Song: Klonhertz, "Three Girl Rhumba"
Notebook available here
Think of a number
Pick a number between 1-100.
Say I write down the numbers from 1-100 on pieces of paper and put them in a big bag, and randomly select from them. After every selection, I put the paper back in the bag, so the same number can get picked more than once. If I do that 100 times, what is the chance of your number being chosen?
The math isn't too tricky. It's often easier to calculate the chances of a thing not happening, then subtract that from 1, to get the chances of the thing happening. There's a 99/100 chance your number doesn't get picked each time. So the probability of never getting selected is \((99/100)^{100} = .366\).
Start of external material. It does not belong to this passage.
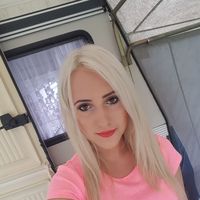 Fotos de Marta Maryniak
Subtract that from one, and there's a 63.4% chance your number will be chosen. Alternately, we'd expect to get 634 unique numbers in 1000 selections.
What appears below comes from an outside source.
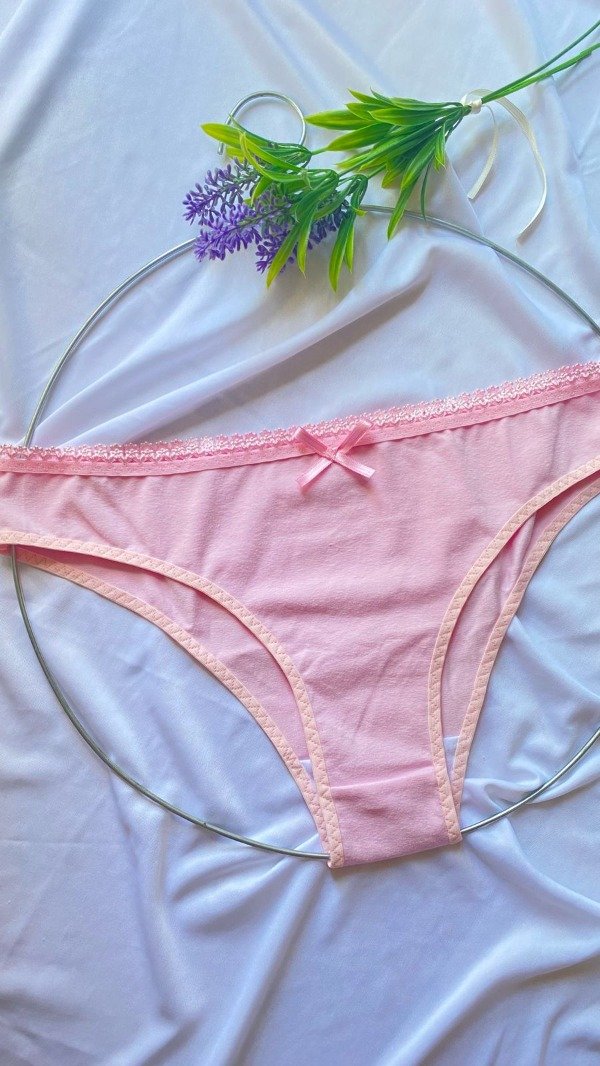 Producto - Bombi Vedetina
When I start picking numbers, there's a low chance of getting a duplicate, but that increases as I go along. On my second pick, there's only a 1/100 chance of getting a duplicate. But if I'm near the end and have gotten 60 uniques so far, there's a 60/100 chance.
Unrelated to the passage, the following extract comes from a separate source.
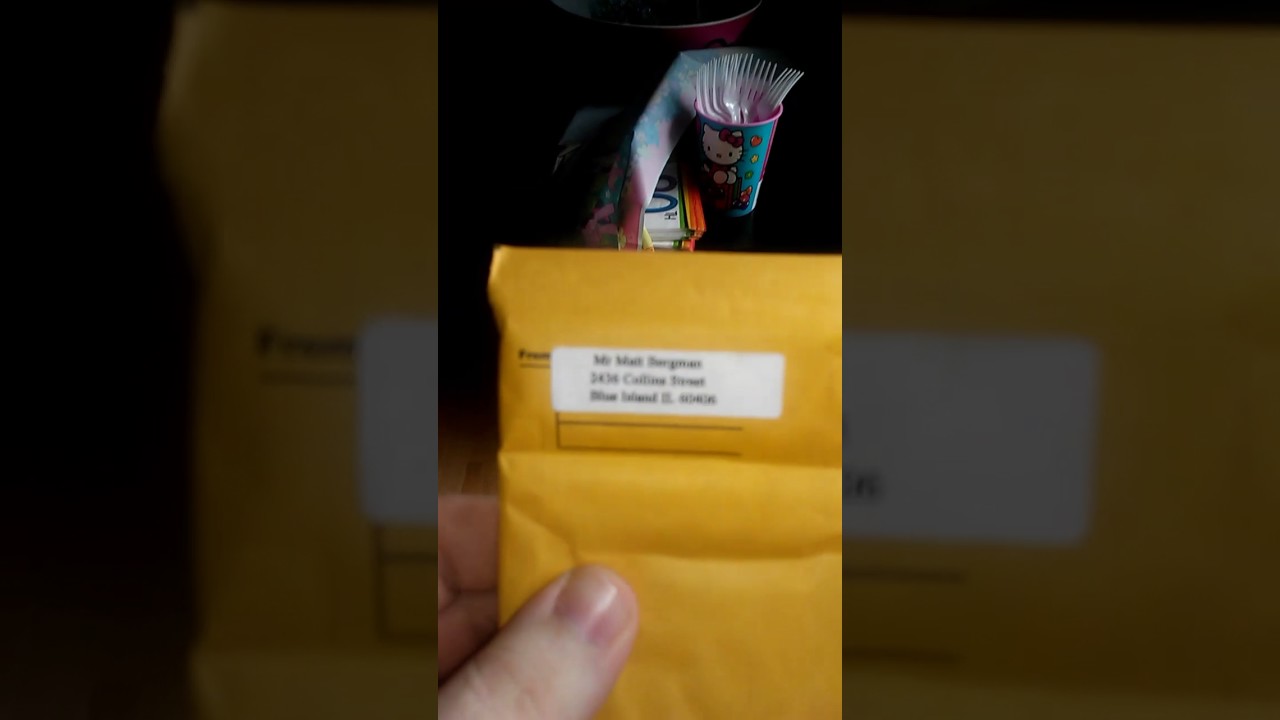 Ebay scammer- burnoutgames June 19, 2017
It's kind of a self-correcting process. Every time I pick a unique number, it increases the odds of getting a duplicate on the next pick. Each pick is independent, but the likelihood of getting a duplicate is not.
I could choose the numbers by flipping a biased coin that comes up heads 63.4% of the time for each one instead. I will get the same number of values on average, and they will be randomly chosen, but the count of values will be much more variable:

Of course, if the goal is to select exactly 63 items out of 100, the best way would be to randomly select 63 without replacement so there is no variation in the number of items selected.
A number's a number
Instead of selecting 100 times from 100 numbers, what if we selected a bajillion times from a bajillion numbers? To put it in math terms, what is \(\lim\limits_{n\to\infty} (\frac{n-1}{n})^{n}\) ?
It turns out this is equal to \(\frac{1}{e}\) ! Yeah, e! Your old buddy from calculus class. You know, the \(e^{i\pi}\) guy?
As n goes to infinity, the probability of a number being selected is \(1-\frac{1}{e} = .632\). This leads to a technique called bootstrapping, or ".632 selection" in machine learning (back to that in a minute).
Don't think of an answer
What are the chances that a number gets selected exactly once? Turns out, it's \(\frac{1}{e}\), same as the chances of not getting selected! This was surprising enough to me to bother to work out the proof, given at the end.
That means the chances of a number getting selected more than once is \(1 - \frac{2}{e}\).
The breakdown:
- 1/e (36.8%) of numbers don't get selected
- 1/e (36.8%) get selected exactly once
- 1-2/e (26.4%) get selected 2+ times
As before, the variance in number of items picked 2+ times is much lower than flipping a coin that comes up heads 26.4% of the time:

Derangements
Say I'm handing out coats randomly after a party. What are the chances that nobody gets their own coat back?
This is called a derangement, and the probability is also 1/e. An almost correct way to think about this is the chance of each person not getting their own coat (or each coat not getting their own person, depending on your perspective) is \(\frac{(x-1)}{x}\) and there are \(x\) coats, so the chances of a derangement are \(\frac{x-1}{x}^{x}\).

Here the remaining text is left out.